> [Task requirements]: Copy, please, the line with "Conditions were better then expected" and each line that follows it through the end of the data below, exactly as given and without pictures.

> [Source material]:
######

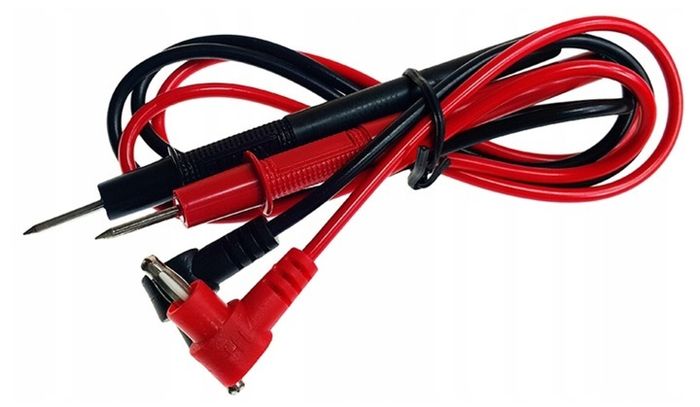 New Large LCD Digital Electric Multimeter 9205A + 9V Battery + Cables #360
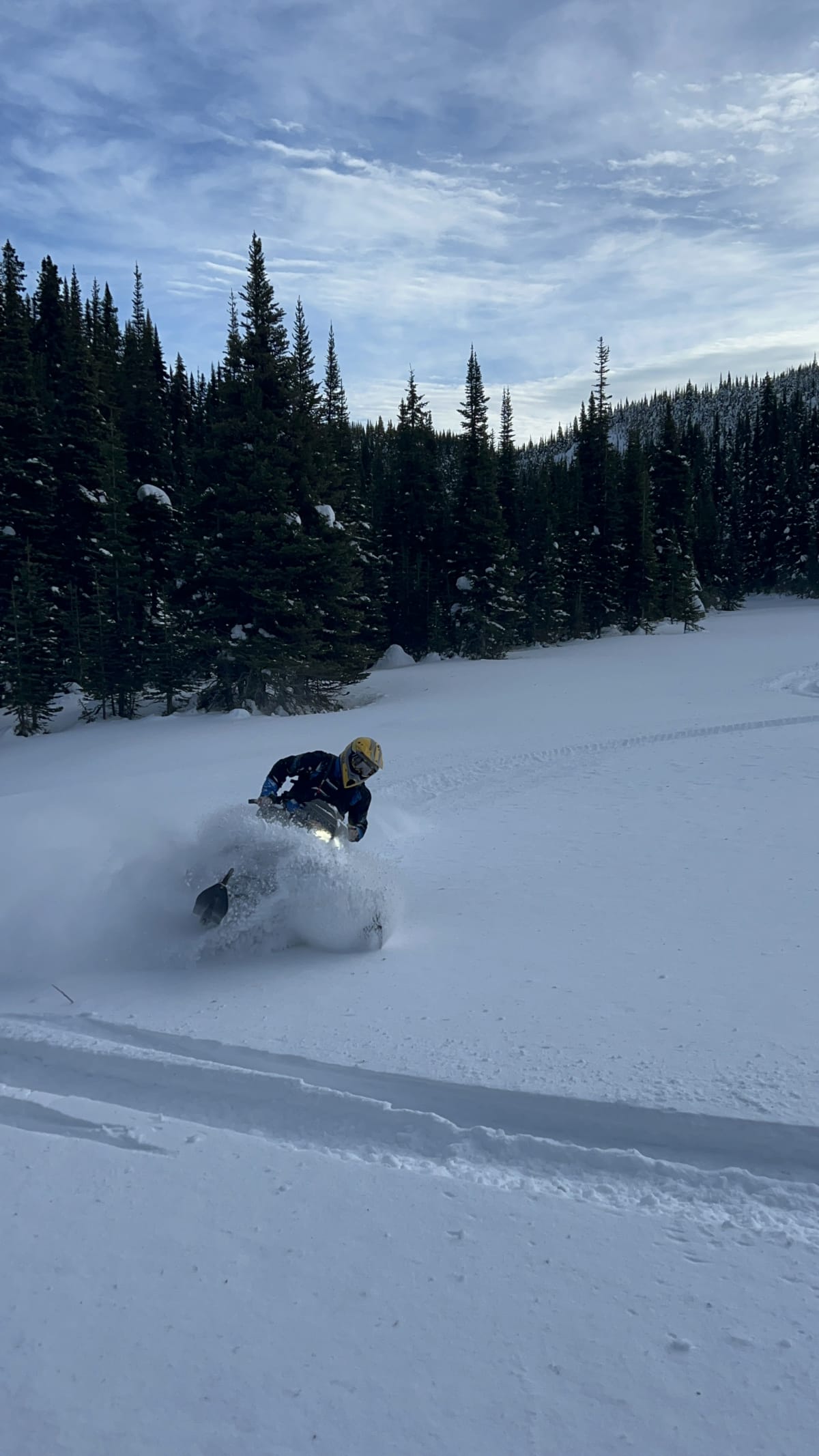 Conditions were better then expected 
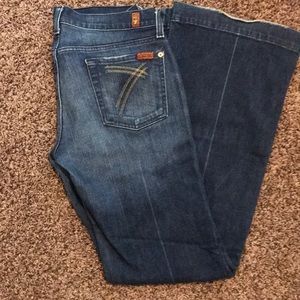 7 for all Mankind, size 30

######

> [Result of this exercise]:
 Conditions were better then expected 
 7 for all Mankind, size 30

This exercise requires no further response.